Articolo pubblicato su “Comune Notizie” nn. 12-13, ottobre 1994 – marzo 1995
Nel corso dei secoli il porto di Livorno ha subìto trasformazioni radicali dovute ai singoli periodi storici e alle congiunture economiche internazionali che indubbiamente incidevano sui traffici e sul sistema di collegamento marittimo di cui lo scalo era uno dei punti di riferimento. L’evoluzione del porto può essere delineata facendo riferimento alle leggi e agli ordinamenti di volta in volta emanati dall’autorità competente per la gestione dell’approdo marittimo. Si tratta di documenti antichi contenuti negli archivi pubblici di Livorno o pubblicati su opere relative alla storia del porto, dal nascere della città fino al periodo dell’unificazione.
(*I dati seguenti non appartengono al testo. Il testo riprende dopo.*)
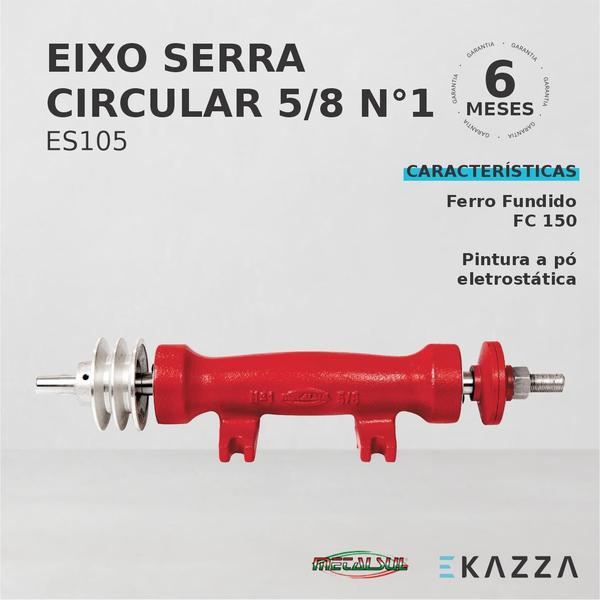 Imagem de Eixo para Serra Circular 5/8 nº1 ES105 - Metalsul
Istruzioni granducali per il servizio del “Guardiano del porto” (1559)
Uno dei primi regolamenti di basilare importanza nella gestione del porto labronico fu emanato nel 1559. Lo scalo livornese stava sempre più espandendosi con i traffici che registravano aumenti considerevoli. Le autorità granducali decisero quindi di emanare una serie di istruzioni per quello che allora veniva definito il “Guardiano del porto”. In tale documento, conservato presso l’Archivio di Stato di Livorno nel repertorio della Sanità, una delle prime cose da rilevare è la diretta dipendenza del Guardiano dal Governatore della città e dal Provveditore della Dogana che avevano potere decisionale in materia portuale, marittima e sanitaria nonché nell’ambito del buon ordine dei moli e delle banchine.
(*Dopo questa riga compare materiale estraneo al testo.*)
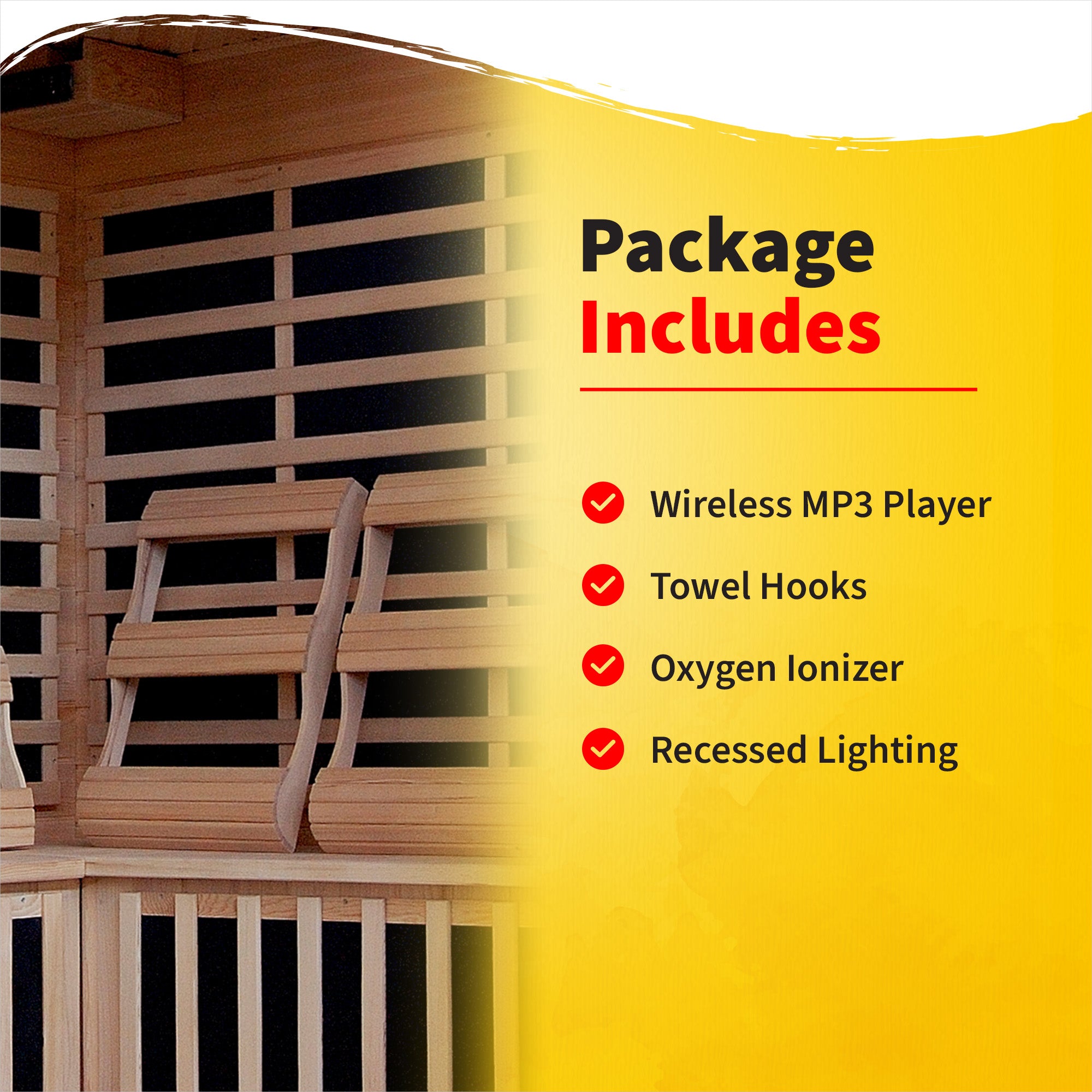 Blue Wave Tucson 4-Person Hemlock Corner Infrared Sauna with 10 Carbon Heaters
Nelle istruzioni granducali del 1559 uno dei principali compiti del Guardiano era quello legato al pagamento di tutti gli ancoraggi delle navi, barche, pescherecci e ogni altro tipo di “legno” in sosta nel porto. Il Guardiano doveva inoltre controllare che le navi e le barche non zavorrassero e pulissero le stive all’interno della darsena, gettando materiale in acqua. All’arrivo delle imbarcazioni provenienti da altri Paesi il Guardiano provvedeva ad accoglierle al largo e tenendosi a distanza di sicurezza doveva informarsi sul nome della nave, sul nome del capitano o padrone, sul numero dei marinai e passeggeri a bordo. Di primaria importanza era poi il controllo di “buona sanità” per appurare eventuali stati infettivi e malattie dell’equipaggio. Nel caso si sospettassero contagi, il Guardiano ritirava la patente di sanità e la portava in dogana dal Provveditore che aggiornava le pratiche e decideva gli ulteriori controlli da compiere.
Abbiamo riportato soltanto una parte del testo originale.